Manhattan is often listed as the most expensive if the boroughs are separated in NYC. Rental prices are usually above $3,500, and the purchase price is 6.5 times higher than average.
Brooklyn is often in the top 5, and Queens usually makes the top 10.
If you’re paying that much money per month in rent, doesn’t it make more sense to purchase a home? It might seem that way, but there are several factors that each buyer should consider before swinging in one direction or the other.
When Should I Buy a Home in NYC?
Moving into your first or next home is always an exciting experience. Finally, you’ve navigated the stresses of getting your belongings to the new address, handled the lease or mortgage negotiations, and life feels like it can get back to normal.
Before buying or renting in NYC, the first question you should ask is how much home you can afford.
Answering that question looks at several factors. First, you’ll need to review five specific points if you’re interested in purchasing a home to see if it makes sense financially.
- Your debt-to-income (DTI) ratio is critical in obtaining a mortgage, especially on the front end. Most lenders want to see your total DTI under 36%, with no more than 28% of your debt going toward a rent or mortgage payment.
- The down payment you can make for a home loan. Some lenders accept as little as 3%, but you might need to purchase private mortgage insurance (PMI) in those circumstances.
- Your lifestyle and financial considerations impact disposable income. For example, some people can afford a great home in NYC, but they can’t go anywhere or do anything because their money is tied up in the property. Is that an outcome you’re willing to accept?
- Does the current NYC real estate market make sense to invest in real estate, or should you keep the convenience of renting for another year or two?
- What do you see your future lifestyle needs requiring?
The maximum DTI that mortgage lenders accept is 43%. When you count all your regular debt payments, from student loans to credit cards, no more than that percentage of your income goes toward those expenses.
Let’s say you make $8,000 per month as a household. If you multiply that number by 0.43, you’ll get $3,440. That is the maximum you can spend each month on debt payments and still be approved for a mortgage.
Since your potential monthly mortgage payment is part of the DTI calculation, you’ll have natural limits on what you can pay.
That’s why real estate transactions can be tricky for some households in NYC. If you’re looking at a $4,000 per month obligation, you’ll need to increase your income and eliminate virtually all debts before a loan approval occurs.
If your DTI isn’t where it needs to be, renting is a better choice in NYC until you can save more or reduce your debt.
Can I Afford a Down Payment in NYC?
In most situations, lenders want to see a 20% down payment on the home offer you’ve made to eliminate private mortgage insurance from the loan. This adds $30 to $70 to your monthly payment for every $100,000 borrowed.

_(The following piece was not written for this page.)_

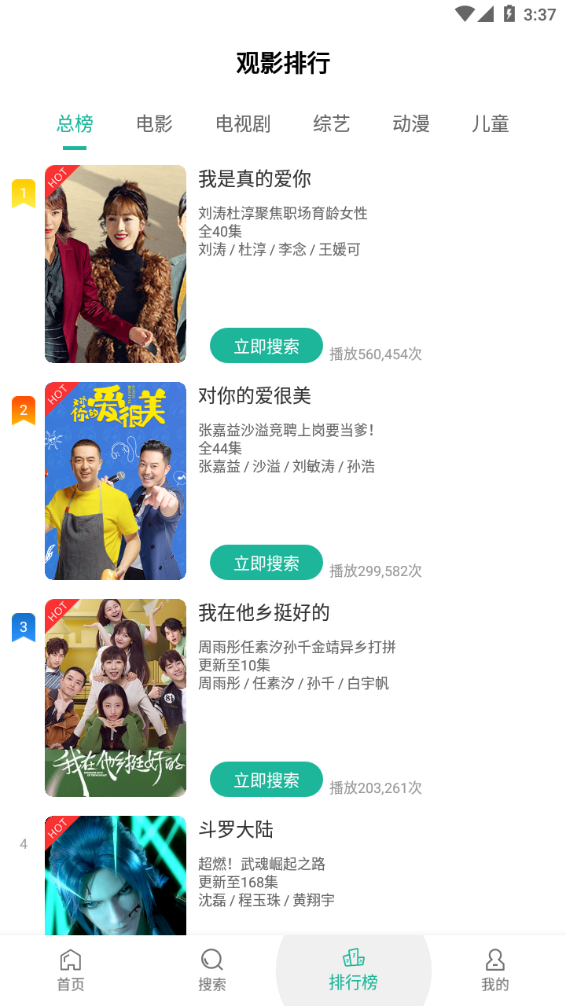 鳄鱼影视app下载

You can purchase a home with 3.5% down using an FHA loan, but a larger down payment means a lower monthly obligation. That can get your DTI into a better place.
Some lenders won’t even consider a mortgage if you cannot put at least 5% or 10% down on a property. It’s important to remember that affording a home in NYC today is not as important as your ability to afford it over the loan’s lifetime.
Please don’t sacrifice your emergency savings account to offer a larger down payment. If unexpected repairs and other needs arise, you could be stuck using credit cards to fix the situation. Debt is something you want to avoid with owning a home.
Is it cheaper to rent than buy? If it is, pursuing housing options in NYC makes sense. If not, you might consider waiting until your finances are healthy enough to obtain a mortgage at a competitive rate.
NYC is typically a safe housing market. Although there is always some risk to consider, many of those issues disappear if you’re shopping for your forever home.